JR: What is the main ethos behind Cure3 and the motivations for setting up the project?
LP: With this project we, Artwise, saw the potential to be creative with a new concept, one that would provide freedom to the invited artists and, at the same time, by virtue of implementing a consistent format, create a unified and unique exhibition.
Over 20 years ago, Susie Allen, Founding Director of Artwise, originated the concept of the RCA Secret Postcard project for the Royal College of Art. It is now widely recognised as one of the art world’s most successful fundraising strategies, having raised millions for the university. We took this formula forward, and, instead of the postcard, we are giving our artists a cube that represents a space within which to work — a platform, a framework.

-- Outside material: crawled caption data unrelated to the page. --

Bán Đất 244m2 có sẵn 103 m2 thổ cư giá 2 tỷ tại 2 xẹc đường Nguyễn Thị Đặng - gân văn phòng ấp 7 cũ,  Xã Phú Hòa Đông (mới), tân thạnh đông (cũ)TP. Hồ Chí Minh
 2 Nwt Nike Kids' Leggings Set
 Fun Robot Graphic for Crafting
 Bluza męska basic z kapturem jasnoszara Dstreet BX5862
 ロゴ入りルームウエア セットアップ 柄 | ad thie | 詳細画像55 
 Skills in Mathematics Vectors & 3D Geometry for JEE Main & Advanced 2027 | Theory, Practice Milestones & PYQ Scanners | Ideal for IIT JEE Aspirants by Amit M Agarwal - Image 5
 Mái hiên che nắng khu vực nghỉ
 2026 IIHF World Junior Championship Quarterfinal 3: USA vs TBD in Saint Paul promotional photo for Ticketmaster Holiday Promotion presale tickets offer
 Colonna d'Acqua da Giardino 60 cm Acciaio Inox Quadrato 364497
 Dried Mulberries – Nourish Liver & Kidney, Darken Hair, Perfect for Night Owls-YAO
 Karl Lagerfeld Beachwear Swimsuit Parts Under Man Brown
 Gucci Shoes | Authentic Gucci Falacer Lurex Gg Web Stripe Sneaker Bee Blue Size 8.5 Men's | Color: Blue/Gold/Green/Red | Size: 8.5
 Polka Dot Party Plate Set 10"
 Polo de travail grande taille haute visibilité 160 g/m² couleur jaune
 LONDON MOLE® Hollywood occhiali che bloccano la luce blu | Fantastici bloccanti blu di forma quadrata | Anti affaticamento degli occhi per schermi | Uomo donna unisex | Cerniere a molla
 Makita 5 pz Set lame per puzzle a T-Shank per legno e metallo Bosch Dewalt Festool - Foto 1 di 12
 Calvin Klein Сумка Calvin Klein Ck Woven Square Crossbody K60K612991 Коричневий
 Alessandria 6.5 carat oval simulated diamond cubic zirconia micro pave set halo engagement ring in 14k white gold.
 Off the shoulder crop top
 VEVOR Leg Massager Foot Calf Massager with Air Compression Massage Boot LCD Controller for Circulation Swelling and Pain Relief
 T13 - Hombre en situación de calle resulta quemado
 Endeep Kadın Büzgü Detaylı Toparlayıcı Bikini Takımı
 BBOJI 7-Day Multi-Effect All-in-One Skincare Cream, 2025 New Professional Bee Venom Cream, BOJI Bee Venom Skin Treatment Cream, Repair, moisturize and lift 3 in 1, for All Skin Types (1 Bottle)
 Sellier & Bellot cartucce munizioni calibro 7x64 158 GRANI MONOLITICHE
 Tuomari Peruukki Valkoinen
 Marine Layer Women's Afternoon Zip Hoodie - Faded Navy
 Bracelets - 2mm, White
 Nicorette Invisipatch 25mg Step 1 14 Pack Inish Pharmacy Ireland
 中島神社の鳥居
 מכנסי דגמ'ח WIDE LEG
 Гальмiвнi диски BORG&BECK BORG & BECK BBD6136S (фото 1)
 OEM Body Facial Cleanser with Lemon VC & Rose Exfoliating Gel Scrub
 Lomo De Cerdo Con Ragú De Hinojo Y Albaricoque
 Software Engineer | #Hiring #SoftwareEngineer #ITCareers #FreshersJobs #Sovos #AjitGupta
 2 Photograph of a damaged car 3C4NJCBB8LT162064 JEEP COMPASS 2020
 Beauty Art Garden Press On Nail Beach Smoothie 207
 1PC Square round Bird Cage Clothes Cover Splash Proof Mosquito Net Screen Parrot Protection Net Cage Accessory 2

JR: Can you talk through the work for exhibition, what fuelled idea to use Perspex boxes?
SA: The cube provides a framed space for the artist, but it is also inspired by the charity, The Cure Parkinson’s Trust, whose quest it is to think ‘outside the box’ in order to push the boundaries of medical research to find a cure for Parkinson’s. Tom Isaacs, a Parkinson’s sufferer himself, talks about the condition as a ‘sentence without parole’ and the feeling of being ‘boxed in.’ The cube itself therefore symbolises feeling boxed in and being able to break free: to go beyond the confines of those walls, be creative, and think differently.
JR: What are the standout pieces within the exhibition?
LP: There are so many – that is wonderful result of commissioning over 50 artists: each piece is unique responses to the cube. For some, the walls of the cube have become the sculpture itself: covered, melted, printed, or painted upon. For others, it became a space to contain and showcase a special object or installation.
We are truly privileged that Peter Doig has donated what will be his first sculptural work that will be for sale.
Along side the established names of artists such as Peter Doig, Damien Hirst, Sarah Lucas, Sir Peter Blake and Grayson Perry, we have also introduced younger artists who we believe are making headway in the art world, and whose works already reside in important collections and museum exhibitions. We also cast our net wider than the UK, and have participating artists from India, USA, France, Germany, Italy, and Iceland.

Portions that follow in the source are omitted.